WHAT NEEDS TO BE DONE:
Please print the entries below exactly, from the line with "Natural Round Shape" through the line with "May include: Black", including both of those lines and leaving out all others.

::: RECORDS FOR THIS EXERCISE :::

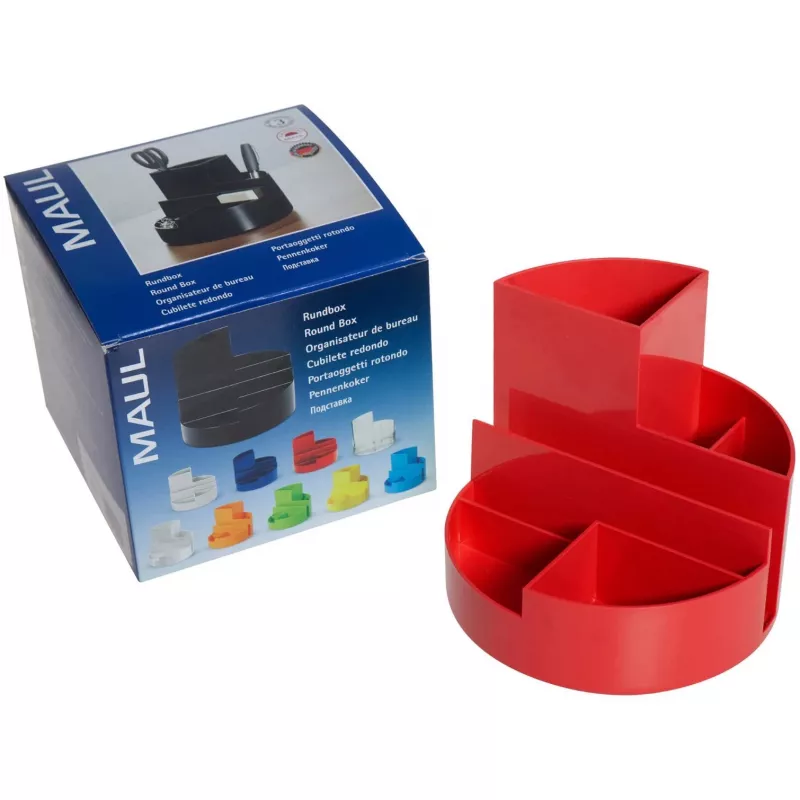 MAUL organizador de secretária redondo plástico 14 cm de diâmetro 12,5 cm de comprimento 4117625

:::
::: RECORDS FOR THIS EXERCISE :::

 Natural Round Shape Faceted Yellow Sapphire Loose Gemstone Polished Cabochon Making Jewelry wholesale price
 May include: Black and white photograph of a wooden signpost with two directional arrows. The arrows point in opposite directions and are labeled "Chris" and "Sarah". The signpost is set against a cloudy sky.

:::

OUTPUT FOR THIS TASK:
 Natural Round Shape Faceted Yellow Sapphire Loose Gemstone Polished Cabochon Making Jewelry wholesale price
 May include: Black and white photograph of a wooden signpost with two directional arrows. The arrows point in opposite directions and are labeled "Chris" and "Sarah". The signpost is set against a cloudy sky.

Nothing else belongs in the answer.